**Exercise details**
From the line containing "Profiline Dekoracyjna lampa" to the last line of the records below, transcribe everything exactly, pictures excluded.

#### The input

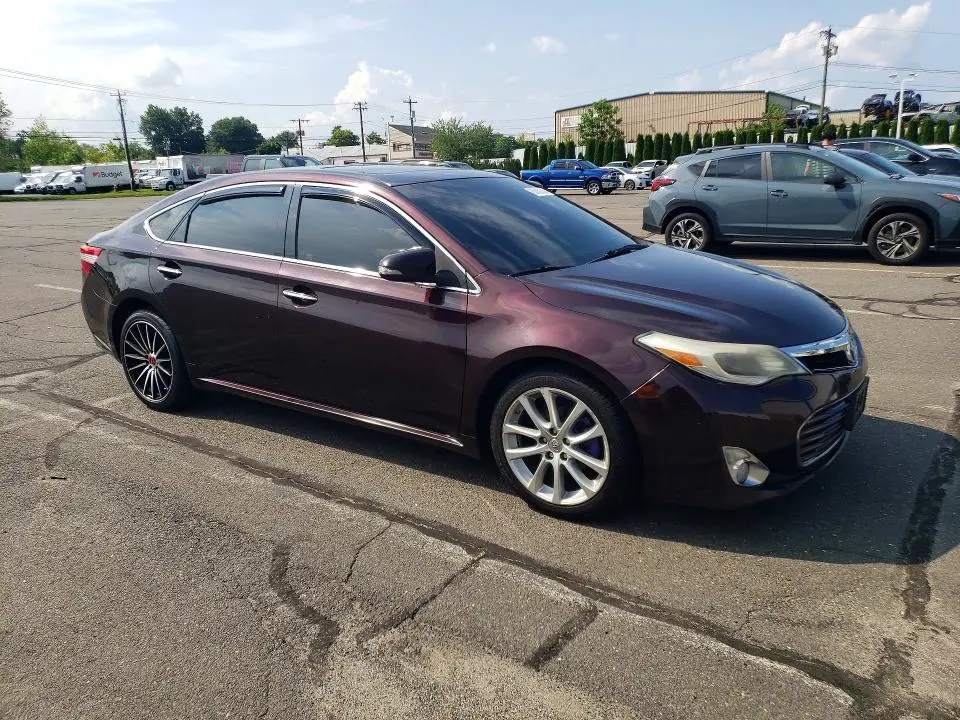 2013 TOYOTA AVALON XLE TOURING  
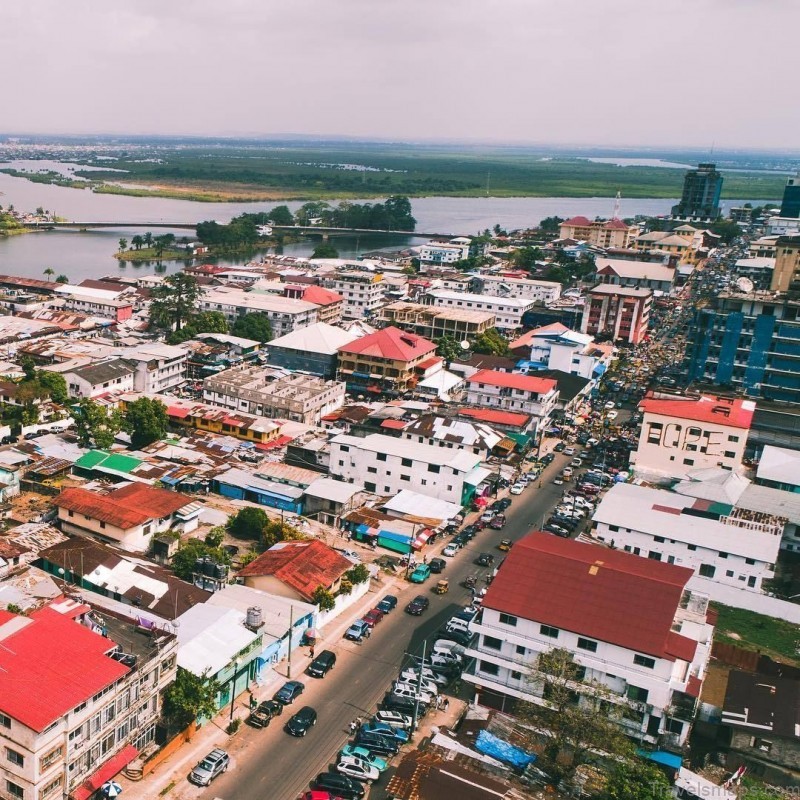 monrovia liberia travel guide for tourist map of monrovia 6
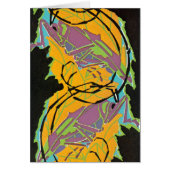  Art Deco Jazz Pochoir Garden Grasshoppers (Voorkant)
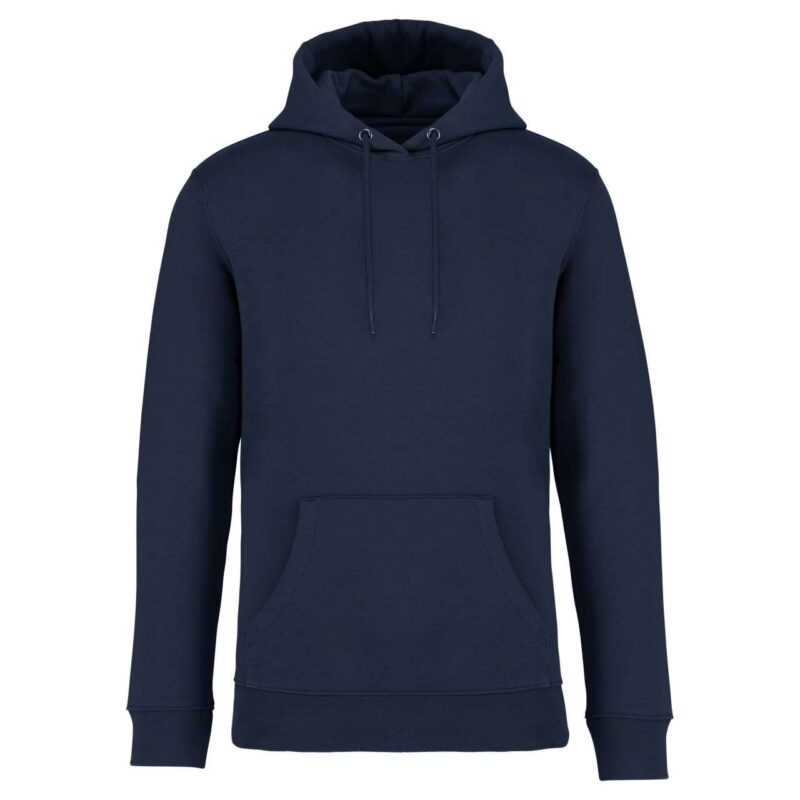 Native Spirit ECO-FRIENDLY UNISEX HOODED SWEATSHIRT - Peacock Blue
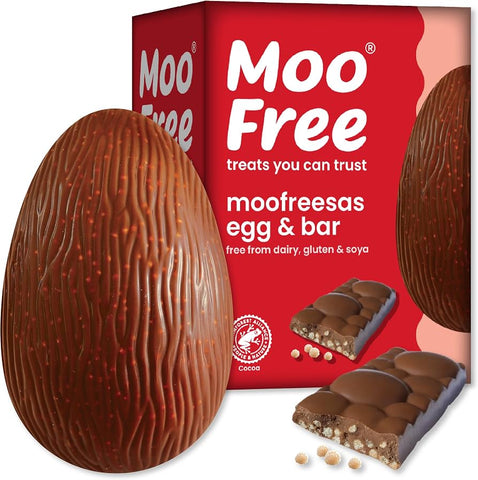 MOO FREE MOOFREESAS EASTER EGG & BAR 135G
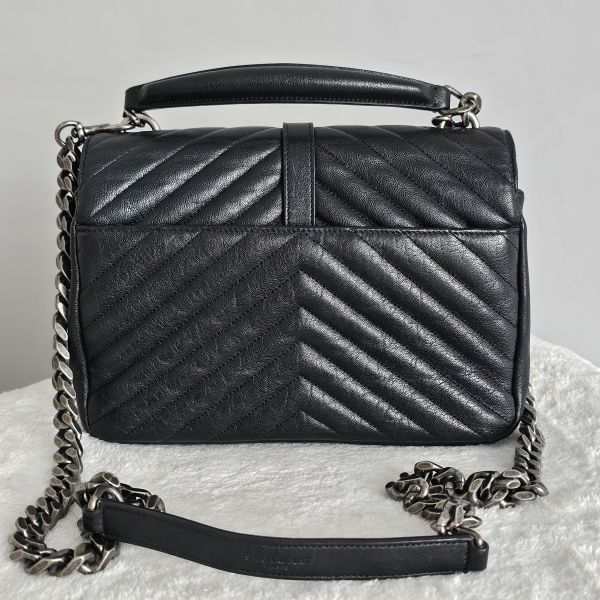 YSL 學院包 黑 Saint Laurent YSL聖羅蘭精品包租借 出租,YSL學院包 YSL流浪包 租借價錢與款式整理,婚禮包包租借,拍照攝影道具精品包,商務派對名牌包 哪裡租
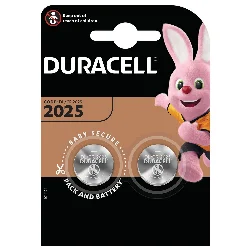 Батарейка CR 2025 Duracell BL*1 Фото 1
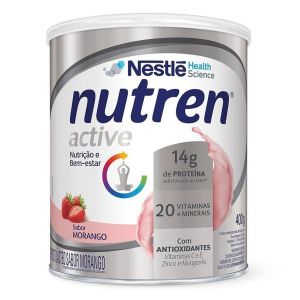 NUTREN ACTIVE SABOR MORANGO 400G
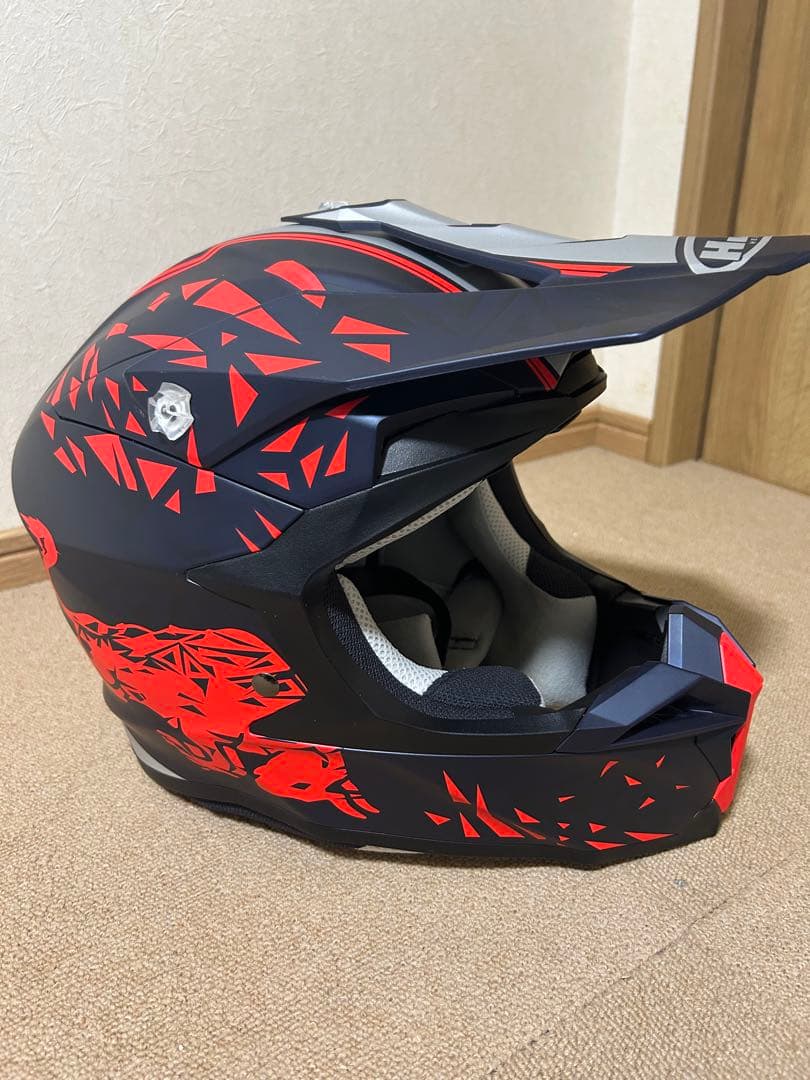 HJC i50 オフロードヘルメット　レッドブル　限定廃盤品　L モトクロス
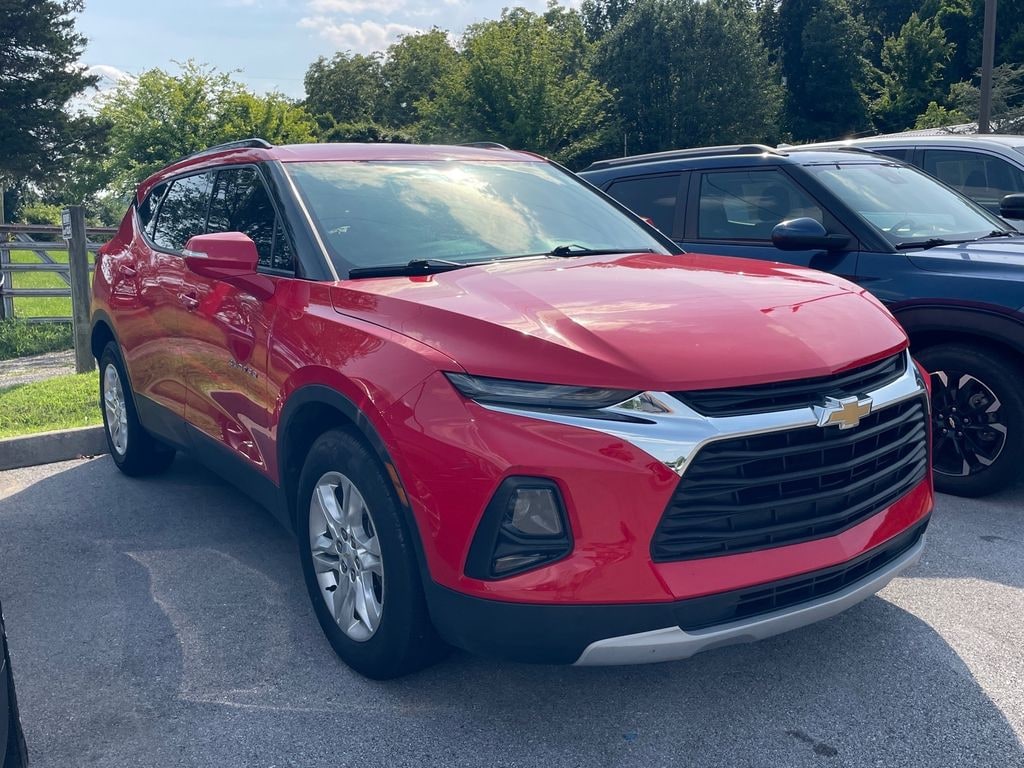 Used 2021 Chevrolet Blazer LT SUV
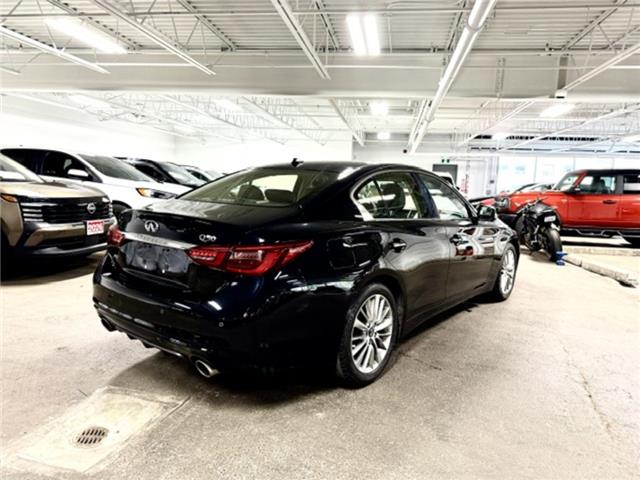 2022 Infiniti Q50 Luxe (Stk: HPU0475) in Toronto - Image 5 of 22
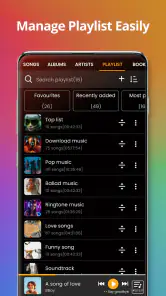 Lettore musicale screenshot 2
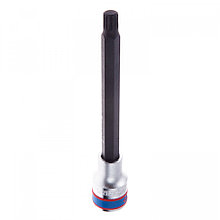 KING TONY Насадка (бита) торцевая 1/2", SPLINE, M09, L = 140 мм KING TONY 406609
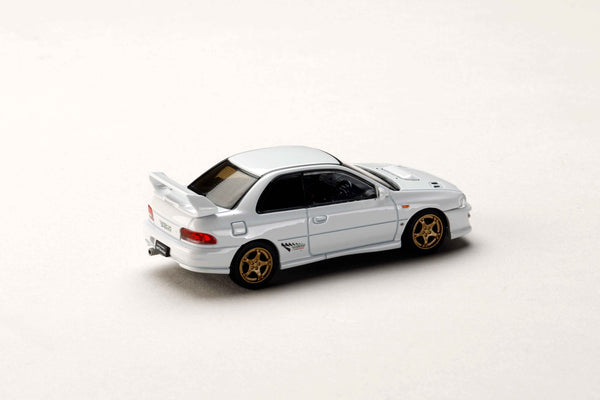 [HOBBY JAPAN] 1:64 Subaru Impreza Pure Sports Coupe WRX Type R STI Version VI Pure White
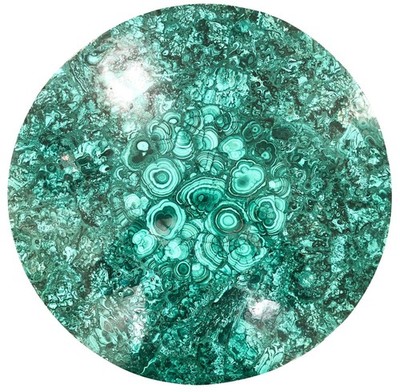Elegant Malachite Stone Center Table | Premium Coffee Table Gift Idea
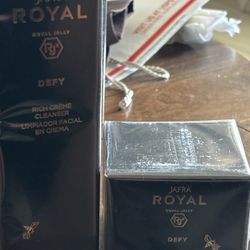 Jafra-Royal Defy 4D Hydrator Cream & Cleanser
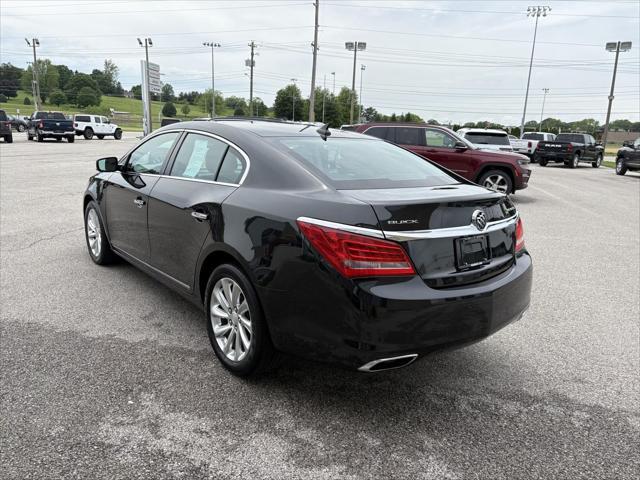 used 2014 Buick LaCrosse car, priced at $13,989
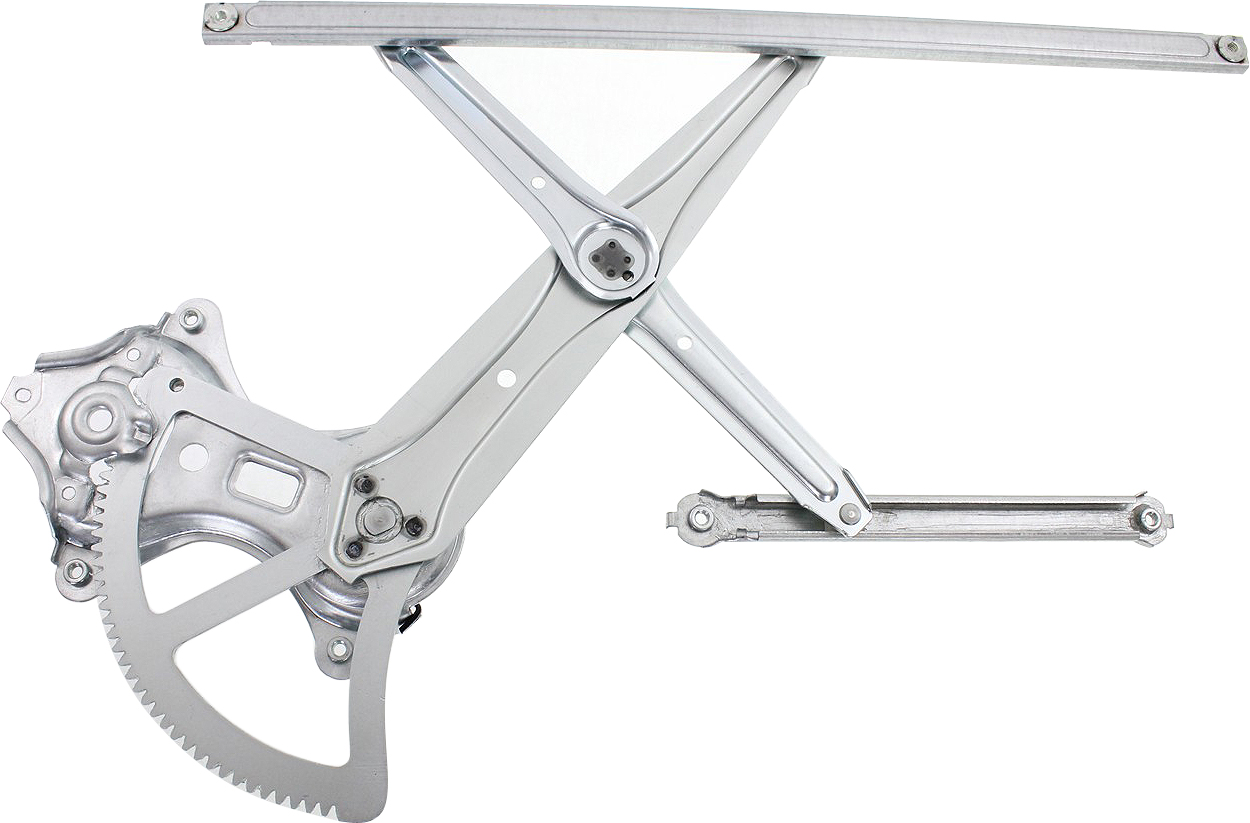 Power Front Window Regulator for Lexus RX330 (2004-2006) & RX350 (2007-2009), Left (Driver), Without Motor, Replacement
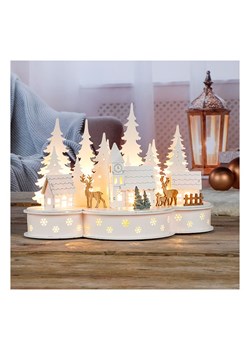 Profiline Dekoracyjna lampa LED w kolorze ciepłej bieli - 30 x 20 x 15 cm ze sklepu Limango Polska w kategorii Dekoracje bożonarodzeniowe - zdjęcie 173905964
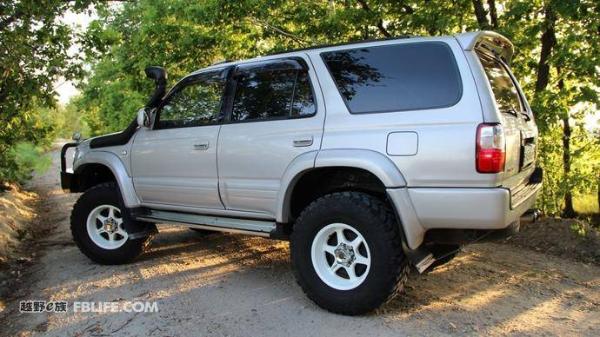 丰田也有过的塞弗 丰田Hilux Surf的历史（二）
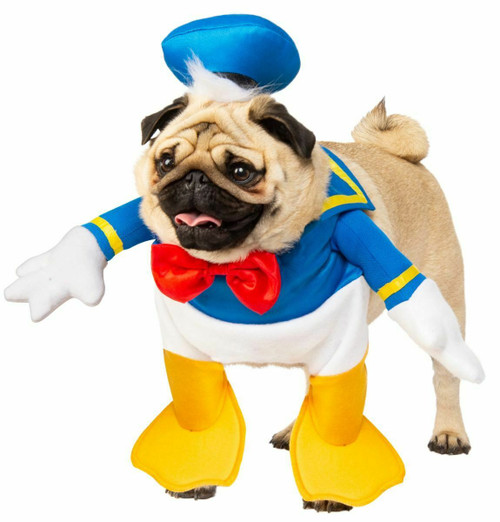 Rubies Disney Donald Duck Mickey Cartoons Dogs Pets Halloween Costume 200165 Rubies Disney Donald Duck Mickey Cartoons Dogs Pets Halloween Costume 200165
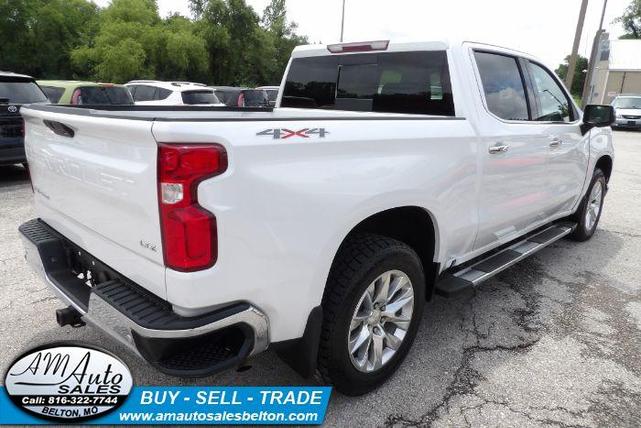 Photo of 2021 Summit White Chevrolet Silverado 1500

########

**Solution for this problem**
 Profiline Dekoracyjna lampa LED w kolorze ciepłej bieli - 30 x 20 x 15 cm ze sklepu Limango Polska w kategorii Dekoracje bożonarodzeniowe - zdjęcie 173905964
 丰田也有过的塞弗 丰田Hilux Surf的历史（二）
 Rubies Disney Donald Duck Mickey Cartoons Dogs Pets Halloween Costume 200165 Rubies Disney Donald Duck Mickey Cartoons Dogs Pets Halloween Costume 200165
 Photo of 2021 Summit White Chevrolet Silverado 1500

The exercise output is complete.